Recorded data ->
• • • •

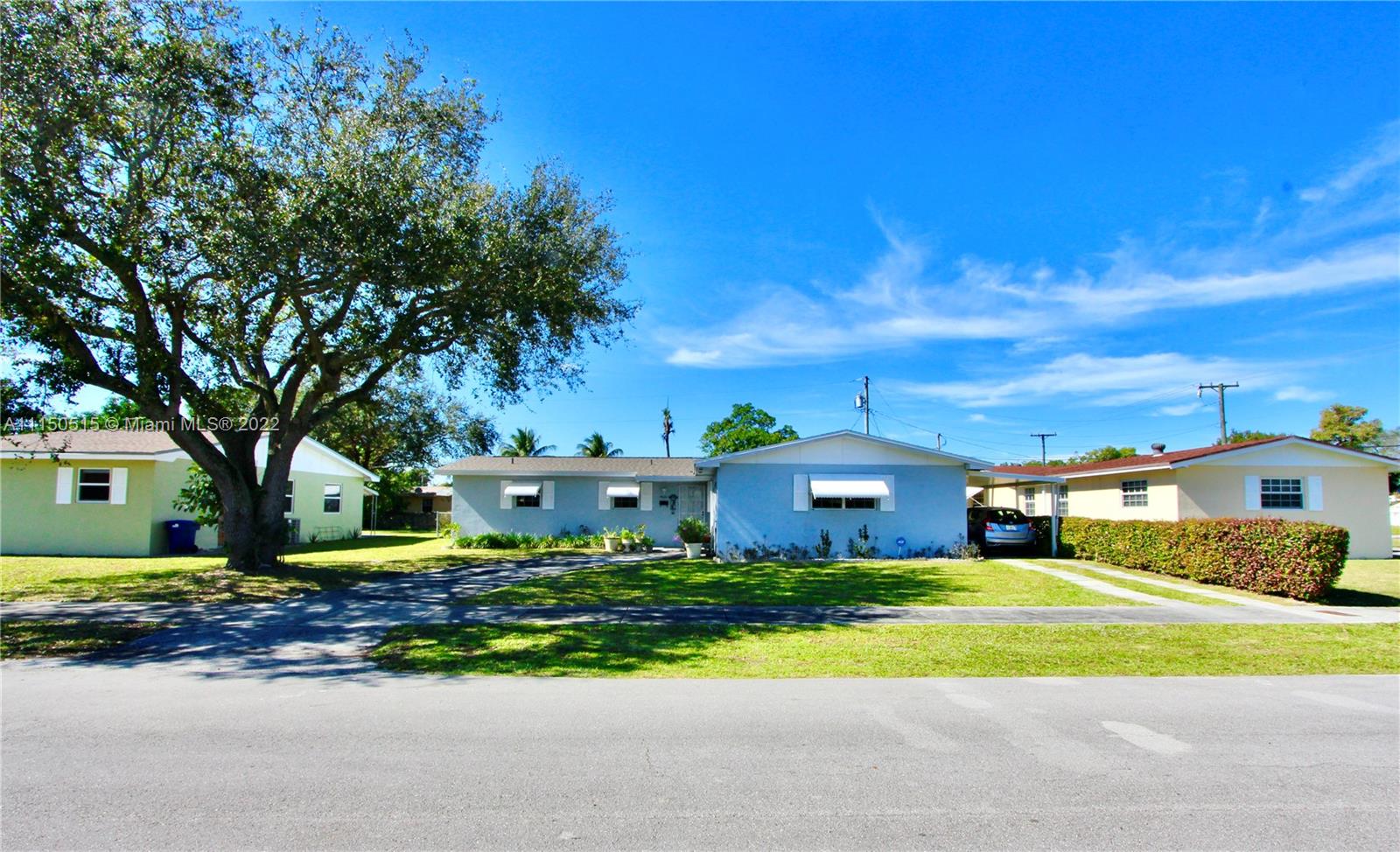 Just listed this charming house to call your new home. This 3-bedroom, 2-bath house is move-in ready. The previous garage was transformed into a family room, which makes an open entertaining area with the kitchen. A part of the garage remains, forming a generous sized utility room including washer & dryer. Permits were submitted allowing for this bonus feature. Updates to the home include a new roof, remodeled kitchen & bathrooms w/ granite counter tops, stainless steel appliances, bamboo wood & tile flooring, car port & huge screened in patio for outdoor entertaining! The fenced in back yard is perfect for pets with a large shed for storage. Sprinkler system is as is. The dining room chandelier & the drapes do not stay. Close to I-95 ,  two airports, and beaches. Walk to great schools.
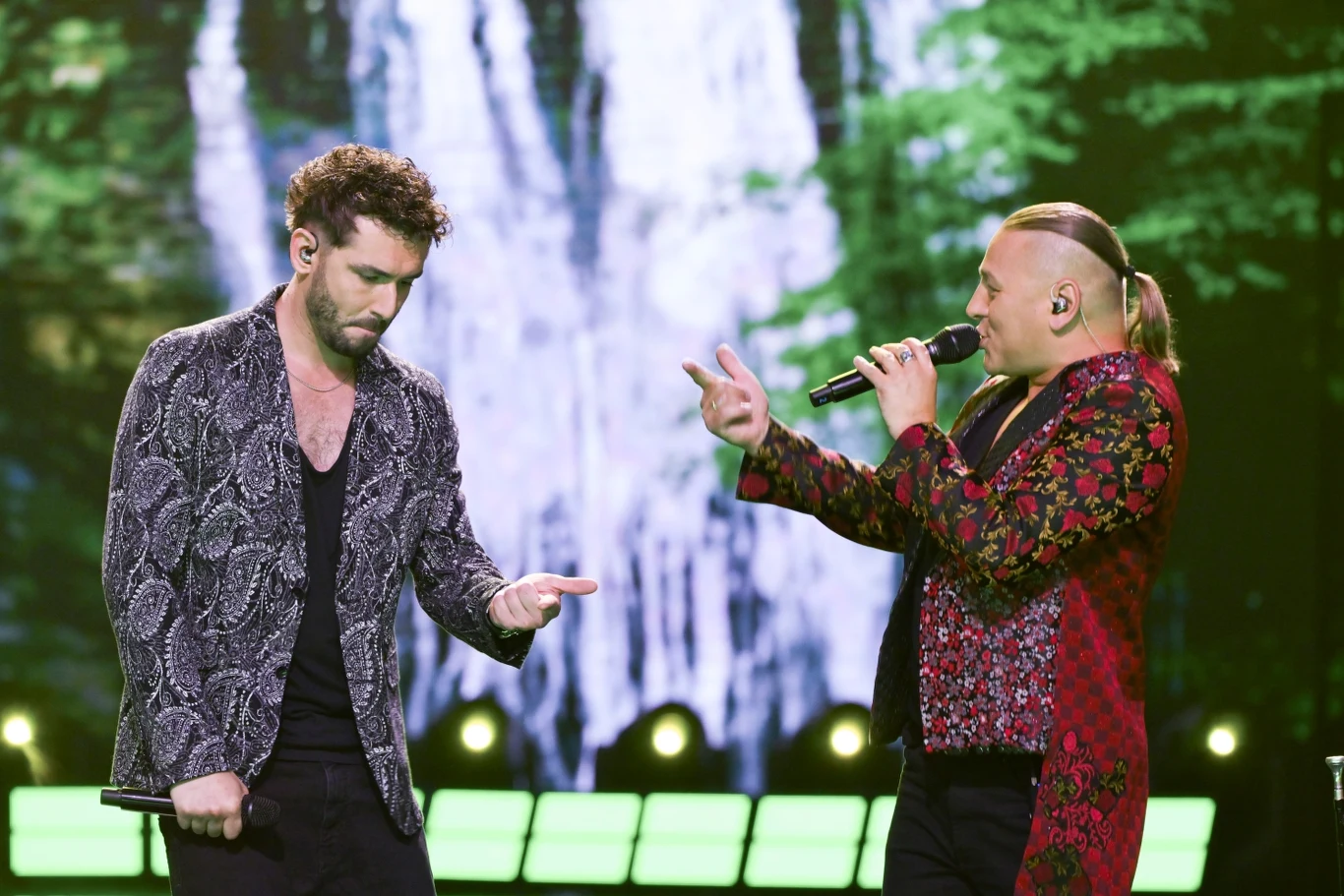 Kamil Bednarek połączył siły z Golec uOrkiestrą Dwóch mężczyzn wykonuje utwór na scenie, jeden śpiewa do mikrofonu, drugi wykonuje gestykulację dłonią, w tle widoczna jest dekoracja przypominająca wodospad i zielone drzewa, scena jest efektownie oświetlona.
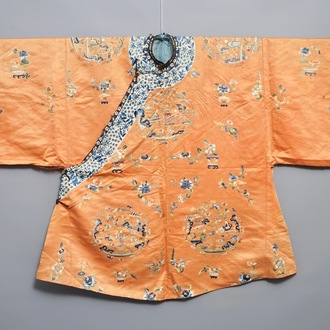 A Chinese orange-ground embroidered silk robe, 19th C.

• • • •

Task prompt -> Retype the material in full, exactly as written, and exclude the pictures.

Result of the task ->
 Just listed this charming house to call your new home. This 3-bedroom, 2-bath house is move-in ready. The previous garage was transformed into a family room, which makes an open entertaining area with the kitchen. A part of the garage remains, forming a generous sized utility room including washer & dryer. Permits were submitted allowing for this bonus feature. Updates to the home include a new roof, remodeled kitchen & bathrooms w/ granite counter tops, stainless steel appliances, bamboo wood & tile flooring, car port & huge screened in patio for outdoor entertaining! The fenced in back yard is perfect for pets with a large shed for storage. Sprinkler system is as is. The dining room chandelier & the drapes do not stay. Close to I-95 ,  two airports, and beaches. Walk to great schools.
 Kamil Bednarek połączył siły z Golec uOrkiestrą Dwóch mężczyzn wykonuje utwór na scenie, jeden śpiewa do mikrofonu, drugi wykonuje gestykulację dłonią, w tle widoczna jest dekoracja przypominająca wodospad i zielone drzewa, scena jest efektownie oświetlona.
 A Chinese orange-ground embroidered silk robe, 19th C.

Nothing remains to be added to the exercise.